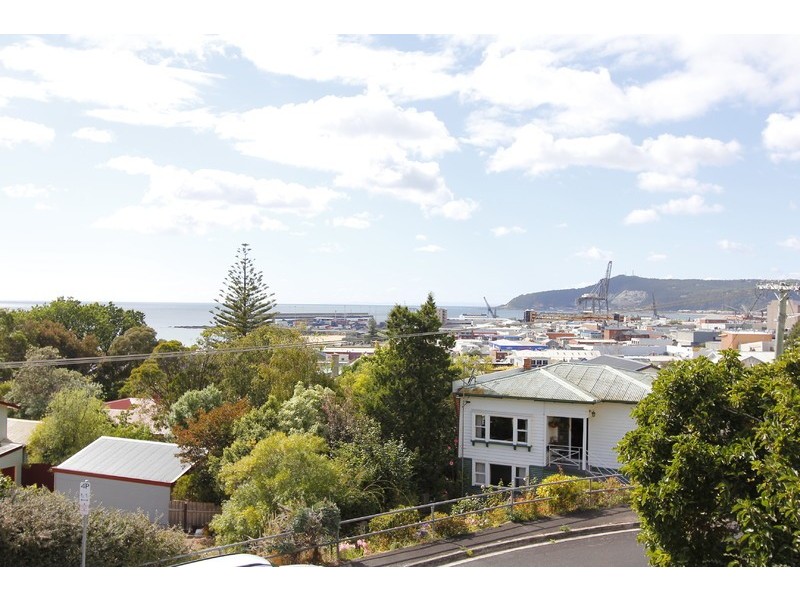 7 Regent Street, Burnie TAS 7320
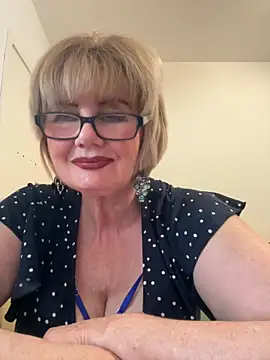 Watch AngelBlonda live on EroticFlix - High definition streams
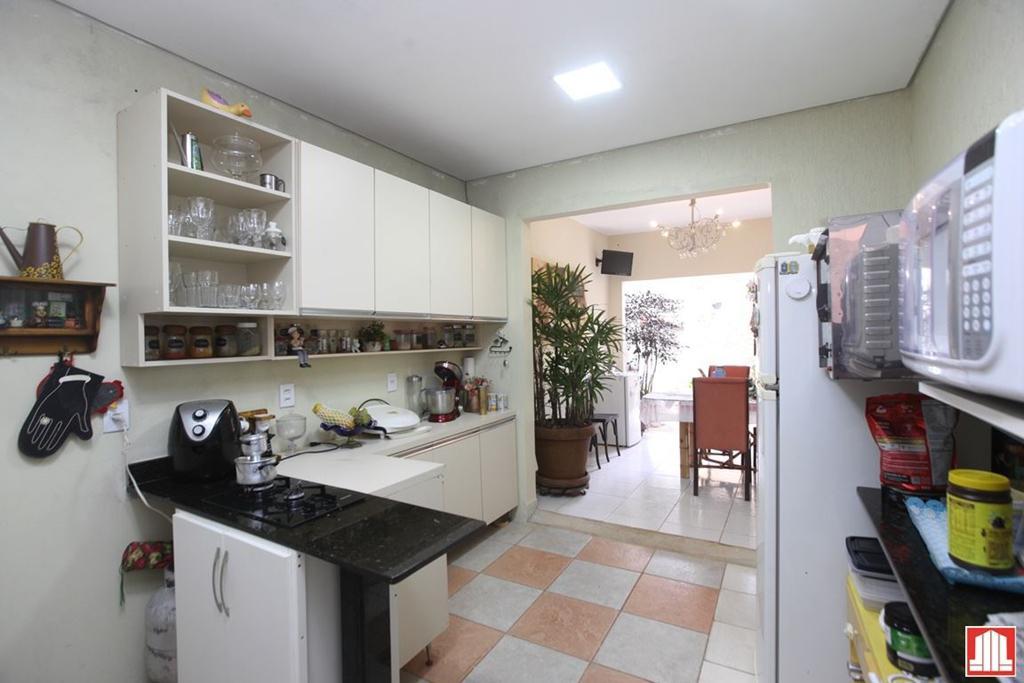 Casa, Região dos Lagos, 4 Quartos, 3 Vagas, 4 Suítes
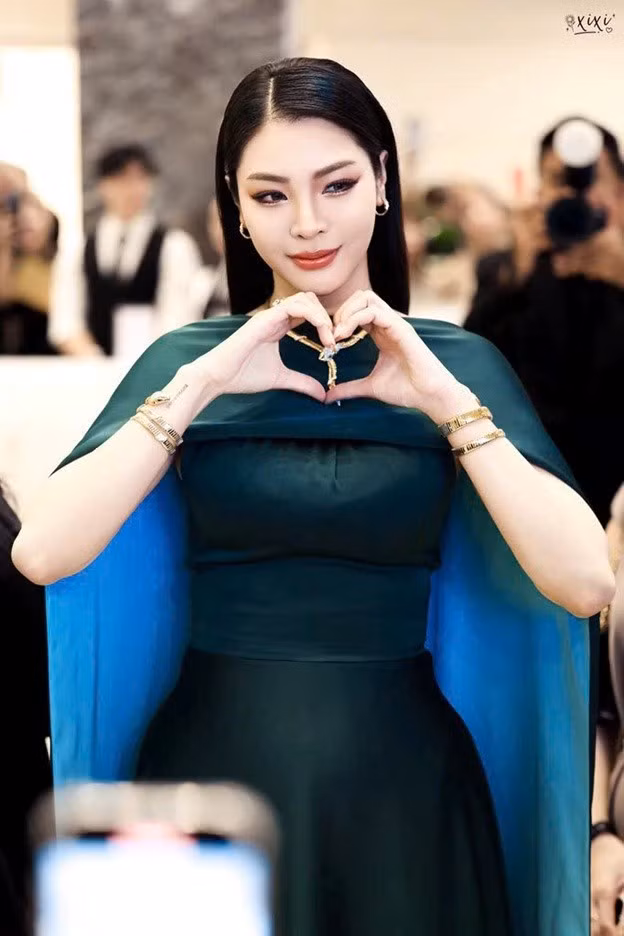 Cô từng đăng quang Miss Grand Thailand 2016, đạt giải Á hậu tại Miss Grand International 2016 tại Mỹ.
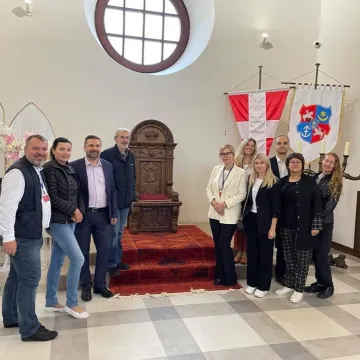 Władze powiatu radomszczańskiego na urodzinach miasta Równe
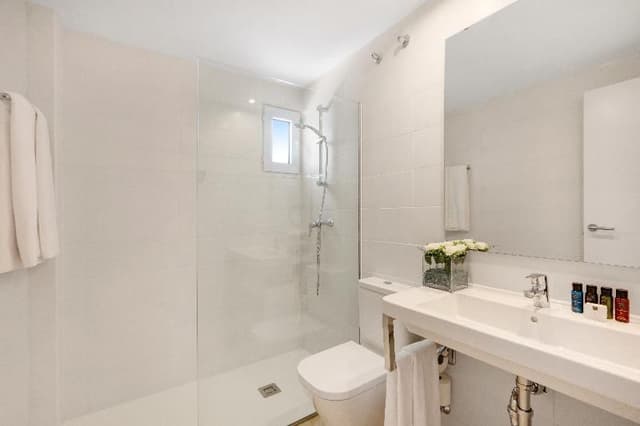 SUITE ONE BEDROOM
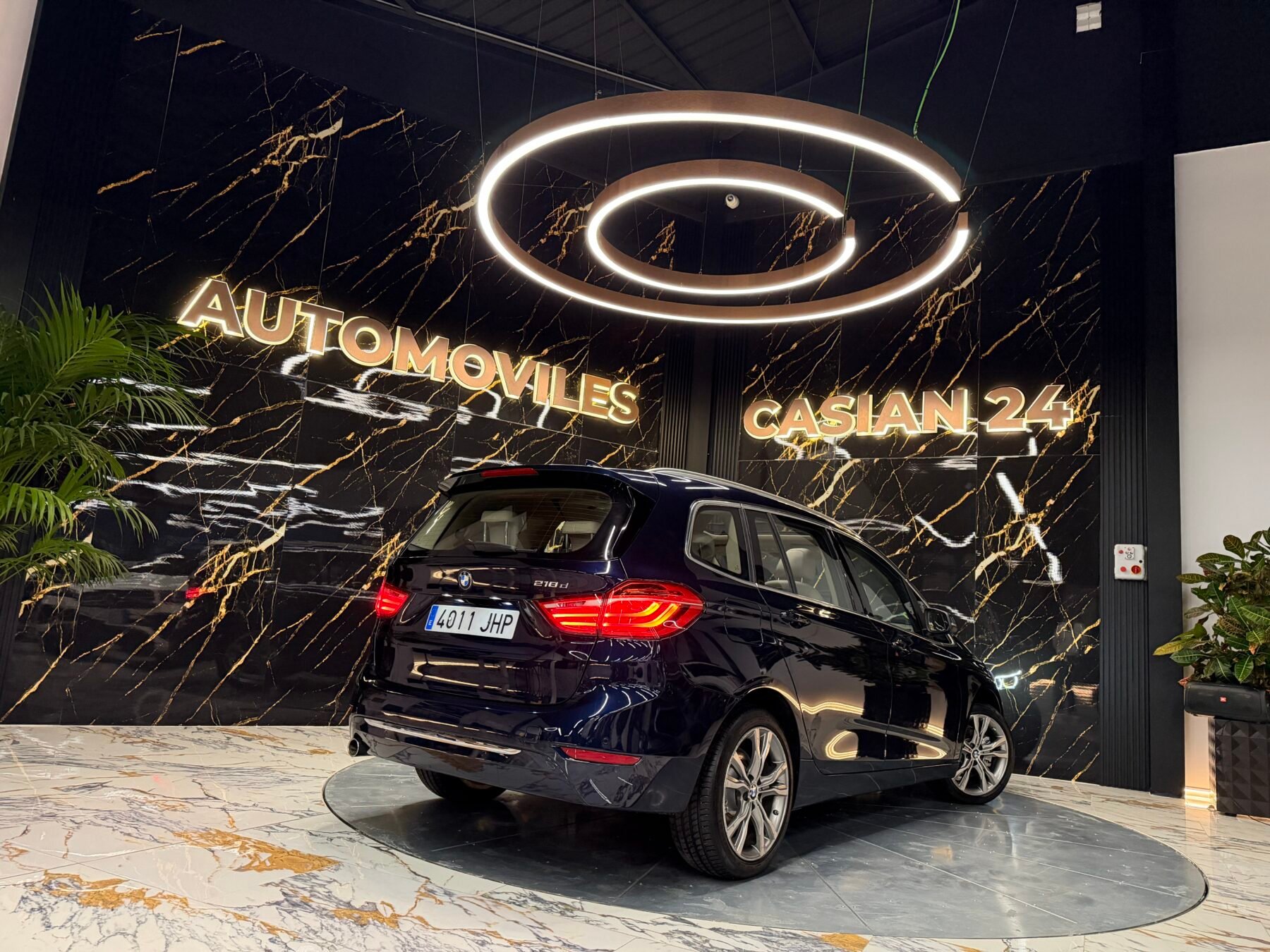 BMW Serie 2 Gran Tourer 2.0d 150CV 7Plazas Mercedes con CADENA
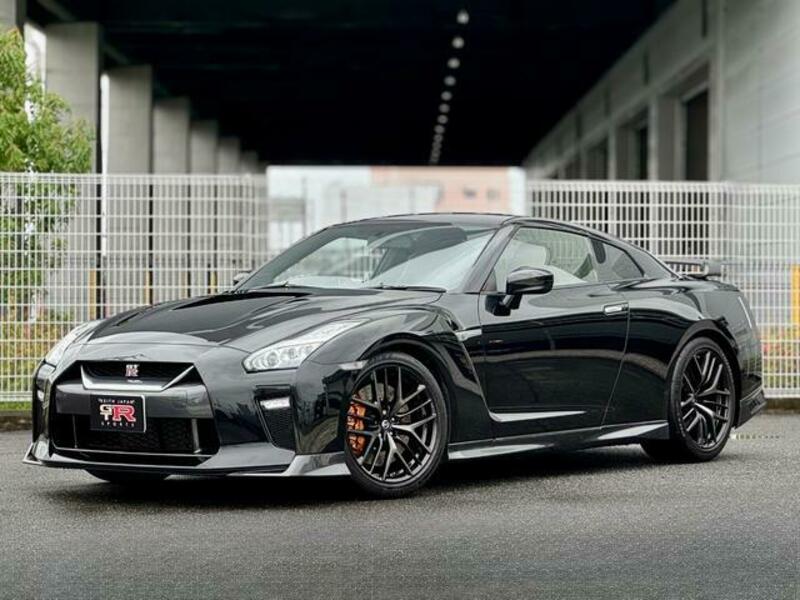 NISSAN GT-R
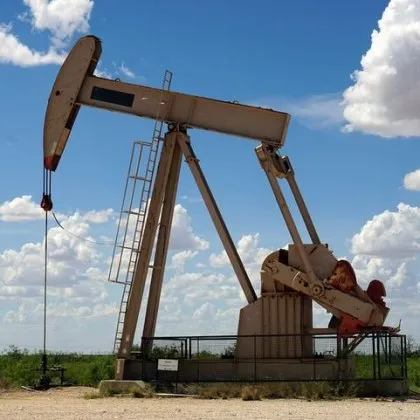 Цените на петрола се повишиха днес подкрепени от ескалиращия риск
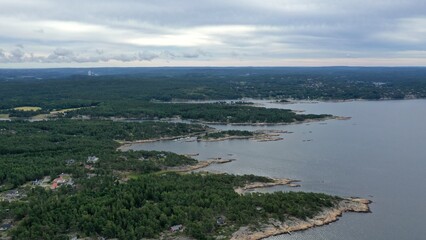paysage de foret et de cote rocheuse en Norvège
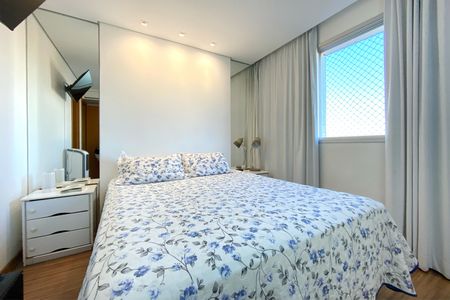 Apartamento à venda com 82m², 3 quartos e 2 vagas Apartamento à venda com 82m², 3 quartos e 2 vagasSuite 1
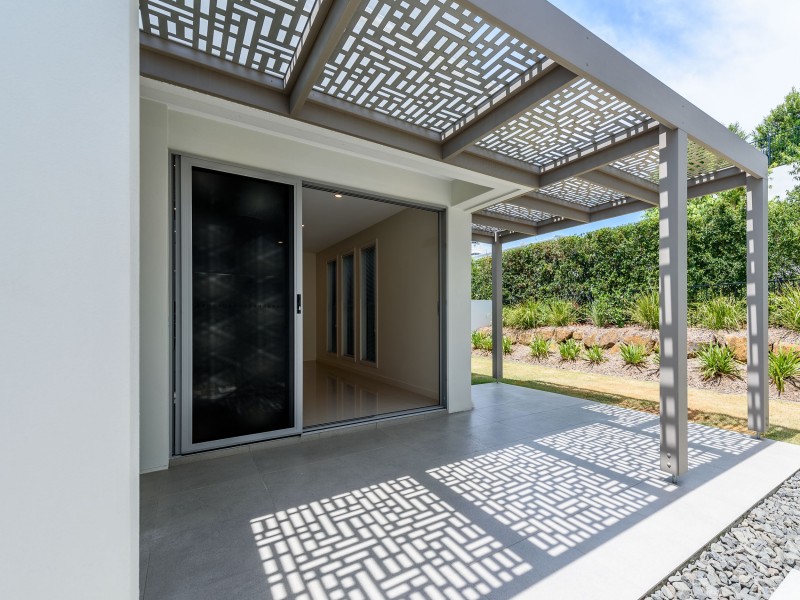 1063B Lakeview Terrace, Benowa QLD 4217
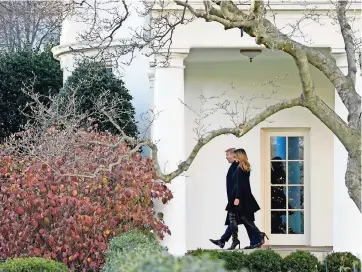  ??  ?? El mandatario y la primera dama en la casa Blanca el 23 de diciembre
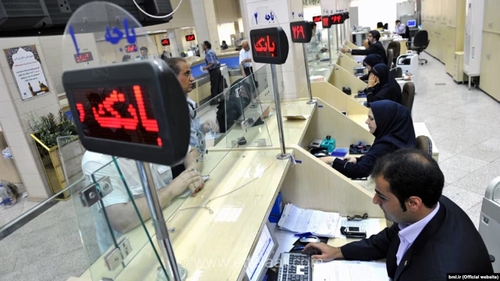 ساعت کاری ادارات و بانک‌ها از اول مهر تغییر می‌کند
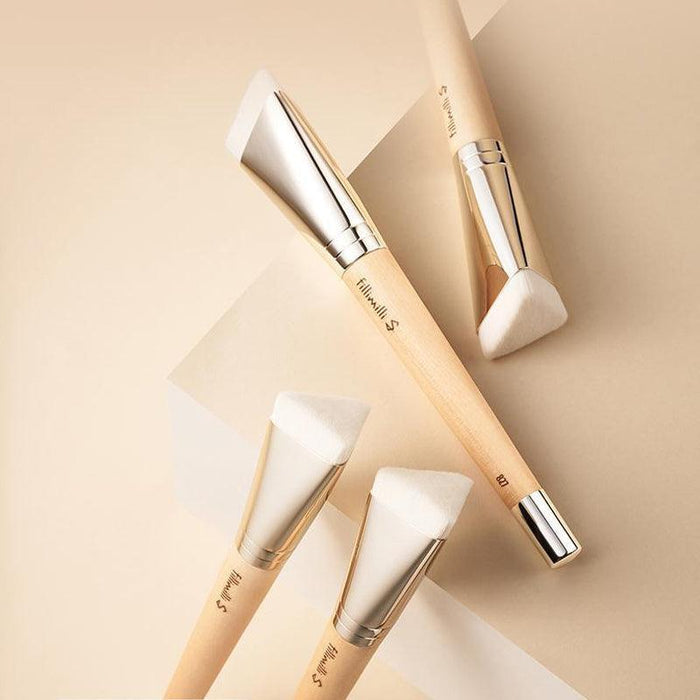 [Fillimilli] S Smooth Skin Filter Foundation Brush 827 - Ballagrio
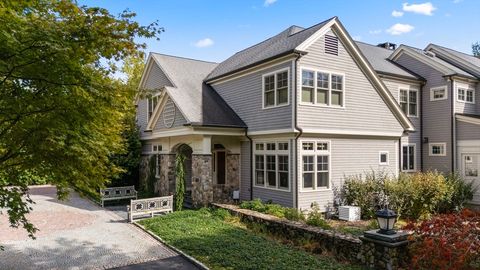 9 Stonegate Dr Westwood MA 02090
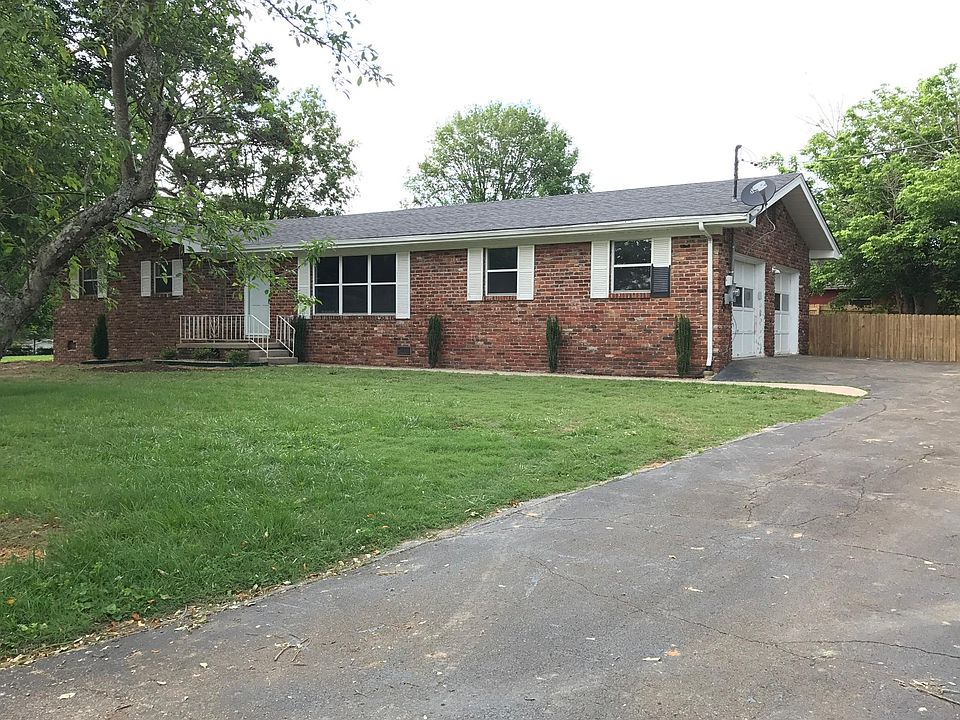 2nd image of 7240 Oakmeade Rd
===============
§ **YOUR INSTRUCTIONS**
Go back to the listing above and reproduce, exactly, the stretch from the line bearing "paysage de foret" through the line bearing "9 Stonegate Dr Westwood MA 02090", without its pictures.

§ **THE COMPLETED TASK**
paysage de foret et de cote rocheuse en Norvège
 Apartamento à venda com 82m², 3 quartos e 2 vagas Apartamento à venda com 82m², 3 quartos e 2 vagasSuite 1
 1063B Lakeview Terrace, Benowa QLD 4217
  ??  ?? El mandatario y la primera dama en la casa Blanca el 23 de diciembre
 ساعت کاری ادارات و بانک‌ها از اول مهر تغییر می‌کند
 [Fillimilli] S Smooth Skin Filter Foundation Brush 827 - Ballagrio
 9 Stonegate Dr Westwood MA 02090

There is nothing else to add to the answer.